Analysts and commentators have been predicting the move for over a year, but it wasn't until Wednesday that the central bank pulled the trigger. It increased the federal funds rate, the primary short-term interest rate benchmark in the United States, to between 0.25% and 0.50% -- the previous target range was between 0.00% and 0.25%.

It's a small jump, but a meaningful one.

The federal funds rate, the rate at which banks lend excess reserves to each other on an overnight basis, has been at or near zero essentially since Lehman Brothers declared bankruptcy in September 2008.

The Federal Reserve dropped it to the "zero bound" at the time to help cushion the economic impact from the crisis. Doing so made lending more profitable for banks and less expensive for borrowers, igniting a mortgage refinancing boom that filled the coffers of the nation's biggest mortgage lenders -- banks such as Bank of America, Wells Fargo, and US Bancorp.

While it's impossible to measure the precise impact that ultralow rates have had on the economy over the past seven years, it's reasonable to conclude that they helped the central bank fulfill its legislative duties to achieve full employment and steady prices -- its "dual mandate."

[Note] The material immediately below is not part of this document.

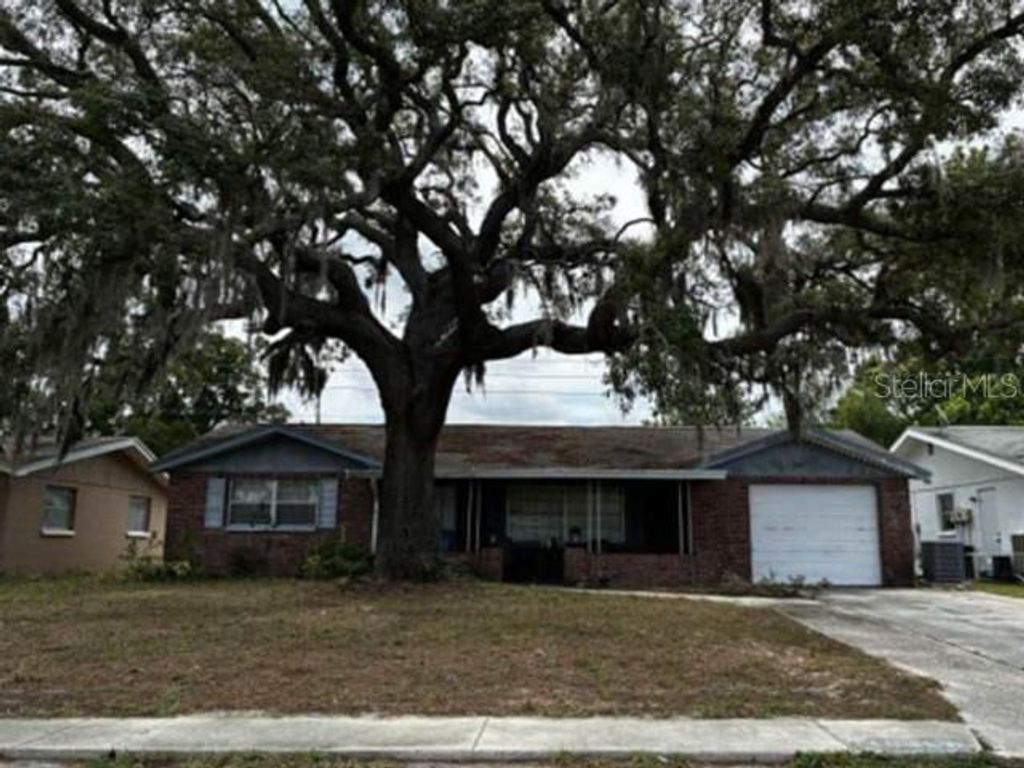 Photo of 10914 Queens Road, Port Richey, FL 34668 (MLS # O6411534)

The unemployment rate sits at 5% today, after peaking at 10% in October 2009. And inflation has heretofore been a non-issue, coming in at 0.5% in November, compared with the 2%-3% range associated with stable economic growth.

While the Fed was driven to wait by an understandable fear of deflation, which has an incredibly pernicious impact on an economy, the bank's monetary policymakers expressed confidence that such fears have receded. "The committee ... is reasonably confident that inflation will rise, over the medium term, to its 2 percent objective," says the Federal Open Market Committee's press release.

This confidence aside, it's worth keeping in mind that we're in uncharted territory.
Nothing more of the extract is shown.